Tough neck

Introduction

Introduction The neck activity is limited and this symptom can be seen in the neck rib syndrome. Cervical rib syndrome is a complex clinical syndrome caused by vascular nerve compression in the thoracic exit area. It is also known as cervical thoracic outlet syndrome, anterior scalene syndrome, pectoralis minor muscle syndrome, rib lock syndrome, and excessive abduction. Syndrome, etc., refers to a series of upper extremity blood vessels and neurological symptoms caused by compression of brachial plexus and subclavian arteries and veins for some reason. Clinically, the main manifestations are pain, numbness of the shoulders, arms and hands, and even muscle weakness, weakness of the hands, cold and purple, and weakening of the iliac artery.

Cause

Cause

For the cause of stiff rib syndrome, Chinese medicine and Western medicine have their own views:

1. The cause of Western medicine:

(1) Neck ribs: The 7th cervical rib remains or the transverse process is too long.

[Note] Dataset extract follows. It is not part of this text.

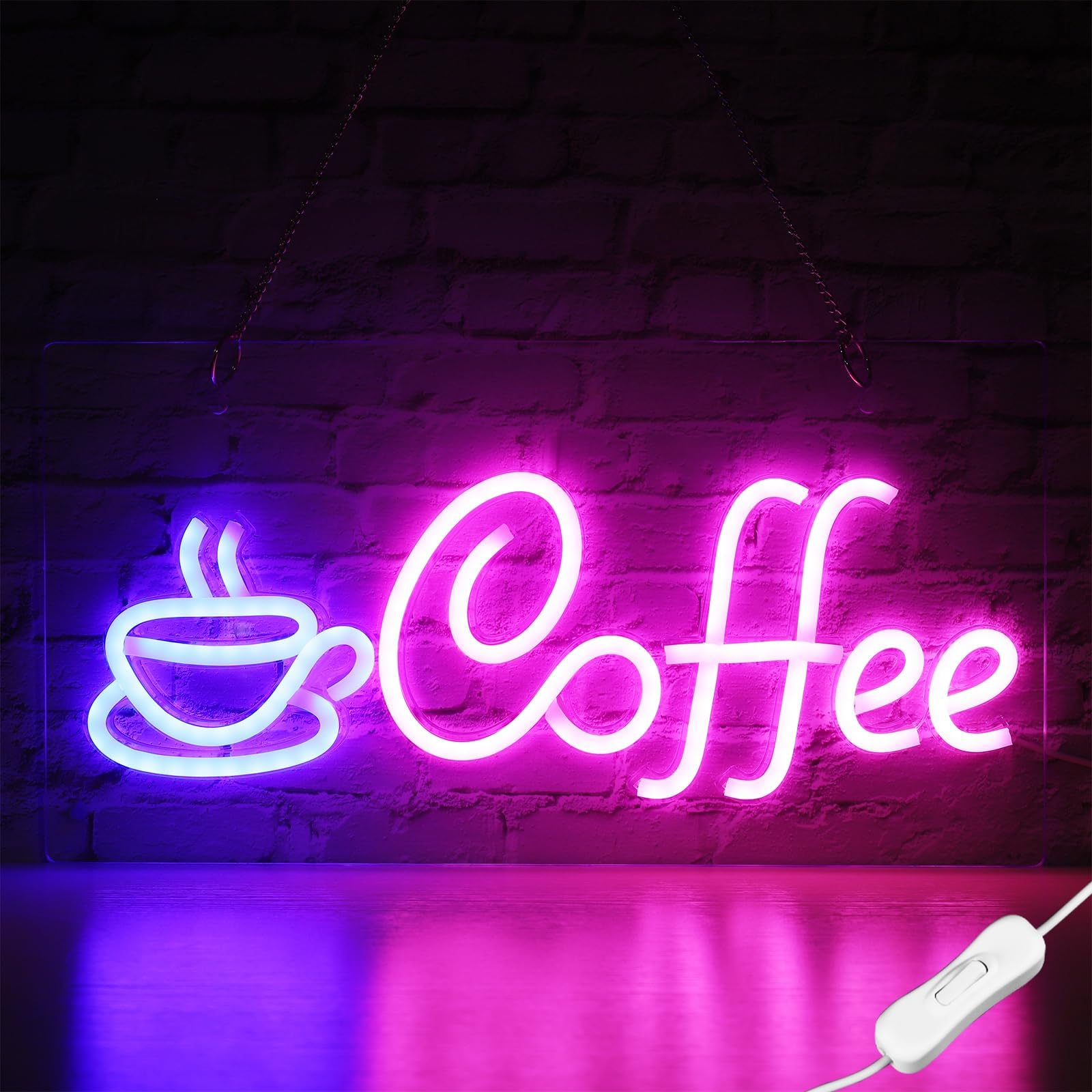 Vinray Cafe Neon Sign for Coffee Bar Pub Decor,Blue Wall
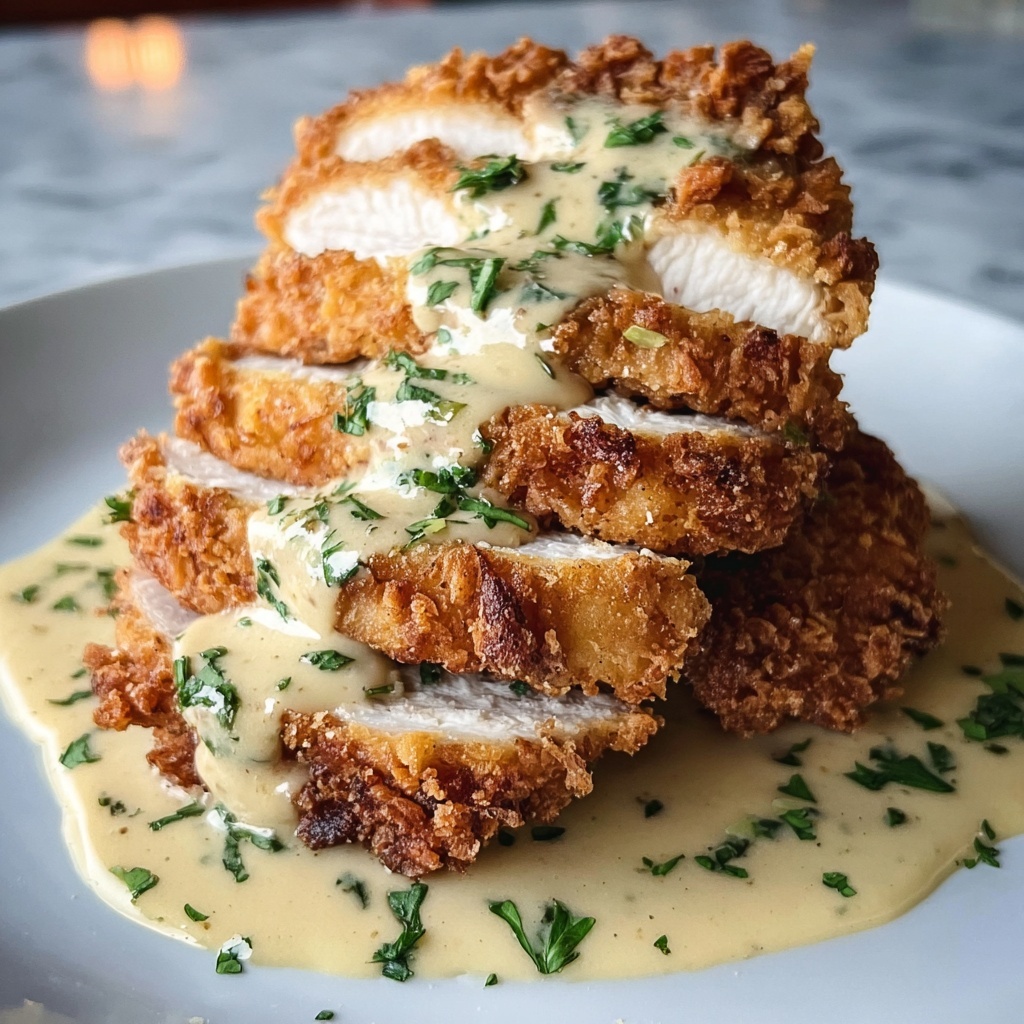 Parmesan Crusted Chicken with Creamy Garlic Sauce Recipe - Recipe Image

(2) The triangular space of the scalene muscle is narrowed.

(3) Structural variation of the rib cage channel: malformation of the first rib or clavicle, exostose, and traumatic fracture, dislocation of the humeral head, etc.

(4) The nerves behind the ulnar ligament or the small chest tendon during the abduction of the shoulder, the blood vessels are compressed.

2, Chinese medicine etiology and pathogenesis:

(1) qi and blood stasis: due to the congenital hypertrophy of the anterior scalene muscle, the narrow interstitial space, or the swelling of the anterior scalene muscle caused by trauma, resulting in local tendon veins, meridian pressure, qi stagnation, blood stasis. Qi stagnation and blood stasis are diseases, mutual cause and effect, caused by qi stagnation leading to blood stasis or blood stasis leading to qi stagnation, eventually stagnation obstructs the air machine, or qi stagnation produces blood stasis, making the pain worse.

(2) liver blood deficiency: the disease has not healed for a long time, or the spleen and stomach are weak, and the blood function of the blood is reduced, resulting in liver deficiency. Blood deficiency can not support the tendons, can not go to the glory of the head, then dizziness, eye flowers, blood deficiency and easy to dry and windy, the virtual wind inside, visible skin numbness, restraint, sputum and other performance.

Examine

an examination

Related inspection

Cervical test, periosteal reflex, cervical CT, neck test

1. X-ray examination: Conventional X-ray photographs the cervical lateral radiograph and the upper chest radiograph to determine the presence or absence of cervical rib or upper lung tumor, clavicle or first rib deformity.

2, angiography: If the blood circulation disorder is severe, it is feasible to perform subclavian venous venography to understand the vascular compression, occlusion or stenosis and collateral circulation.

3. Electromyography: Check the bioelectrical changes of the muscles during rest and contraction to help determine if the lesion is in the peripheral nerve or in the muscle itself.

Diagnosis

Differential diagnosis

1. Cervical spondylosis: Cervical spondylosis is more common in men over 40 years old. This disease is more common in women under 40 years old. Cervical spondylosis is mainly caused by neck and shoulder. This disease is mainly caused by hand numbness; cervical spondylosis is rarely sized. Fish muscle atrophy, no signs of vascular compression; X-ray film of the cervical spine and cervical MRI can help to confirm the diagnosis.

2, syringomyelia: the age of the disease is 20 to 30 years old, more common in men, the ratio of male to female is 3:1; the sensory disorder is separated (pain disappearance, tactile presence) is serious; when the cavity is enlarged and the anterior horn cells are damaged Atrophy and sputum reflex disappeared (the dyskinesia of this disease tends to appear first than the sensory disorder, because the circumference of the motor fiber is large and easy to be compressed). Although the upper limb has autonomic dysfunction, there is no vascular compression sign. MRI is of great value in identifying this disease.

3, lower motor neuron lesions - progressive muscular atrophy: the disease of the forearm medial cutaneous nerve innervation area without sensory disturbance; ulnar wrist flexor muscle is often damaged; ulnar nerve conduction velocity slowing down the site completely different; no vascular compression symptoms And signs.

The material in this site is intended to be of general informational use and is not intended to constitute medical advice, probable diagnosis, or recommended treatments.